--- START ---
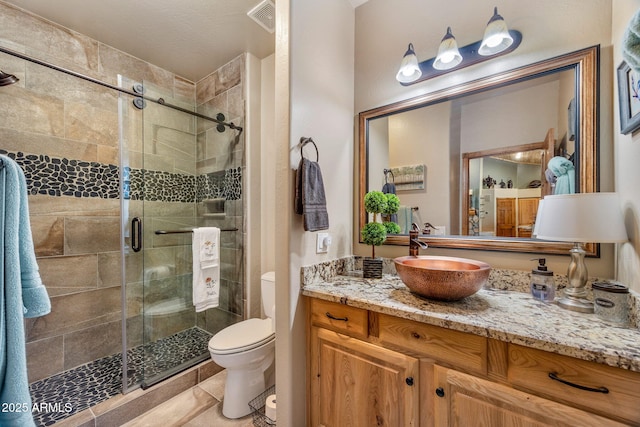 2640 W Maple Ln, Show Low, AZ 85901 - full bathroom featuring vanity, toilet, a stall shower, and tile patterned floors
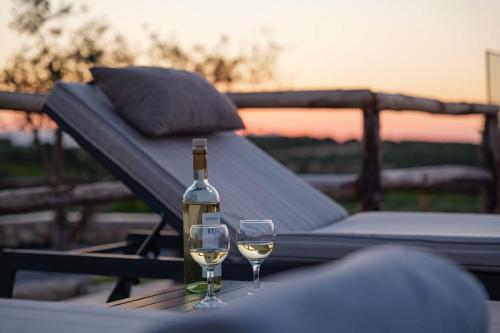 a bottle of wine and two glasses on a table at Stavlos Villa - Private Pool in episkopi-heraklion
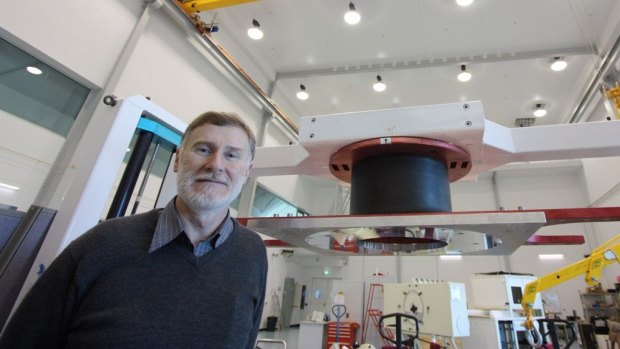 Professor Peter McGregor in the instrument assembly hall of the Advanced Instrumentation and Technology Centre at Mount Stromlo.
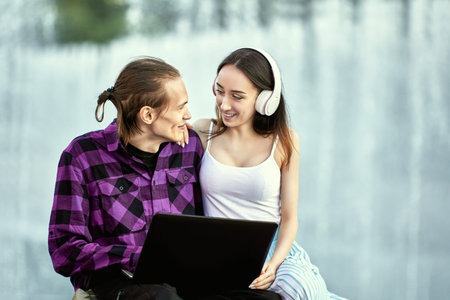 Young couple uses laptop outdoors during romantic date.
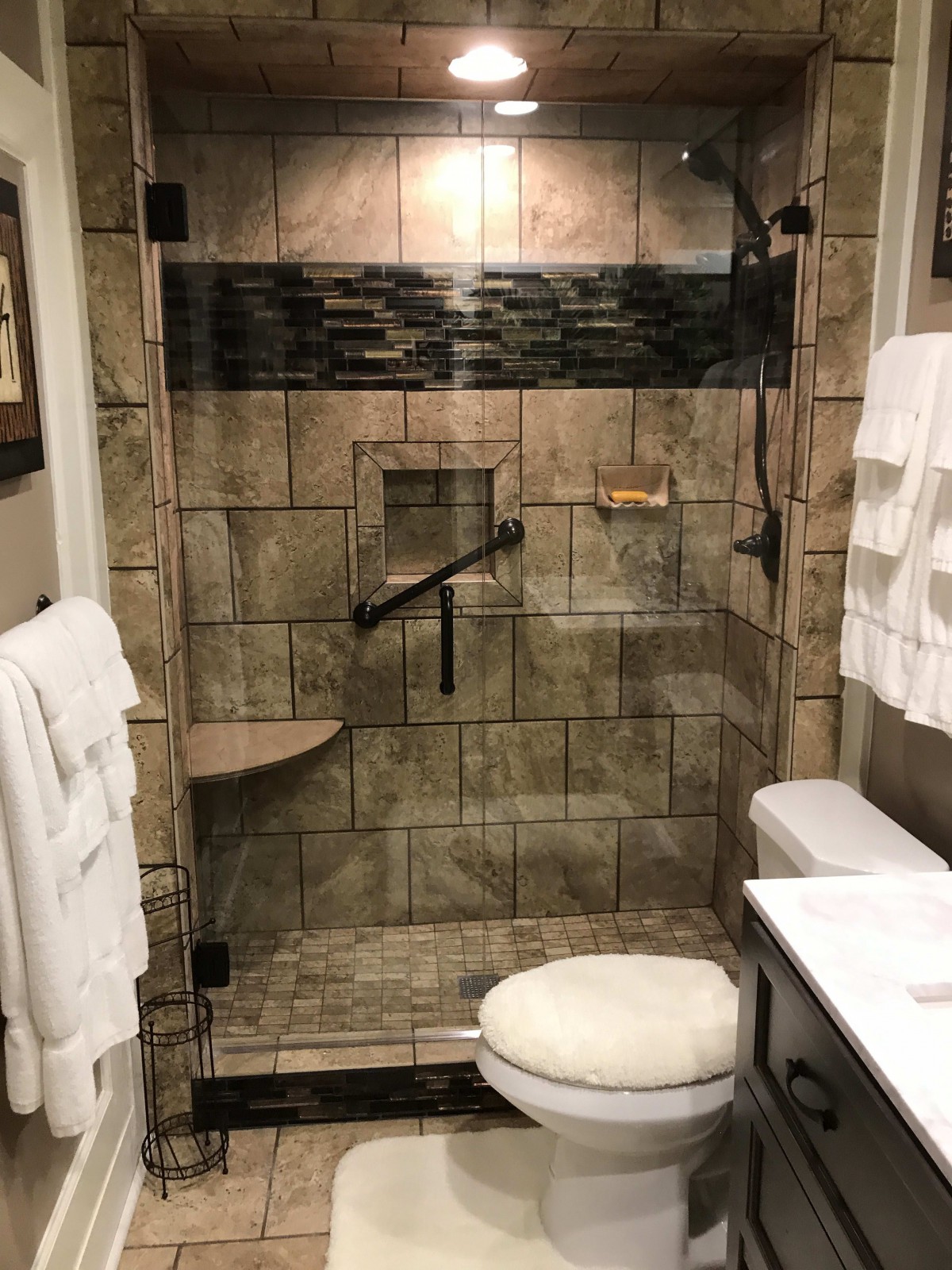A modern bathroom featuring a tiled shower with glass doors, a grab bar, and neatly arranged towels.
--- END ---
» **Problem details**: Give back word for word the lines from the one containing "Young couple uses" through the final line of the data above. Pictures are to be left out.

» **Solution for this task**:
 Young couple uses laptop outdoors during romantic date.
A modern bathroom featuring a tiled shower with glass doors, a grab bar, and neatly arranged towels.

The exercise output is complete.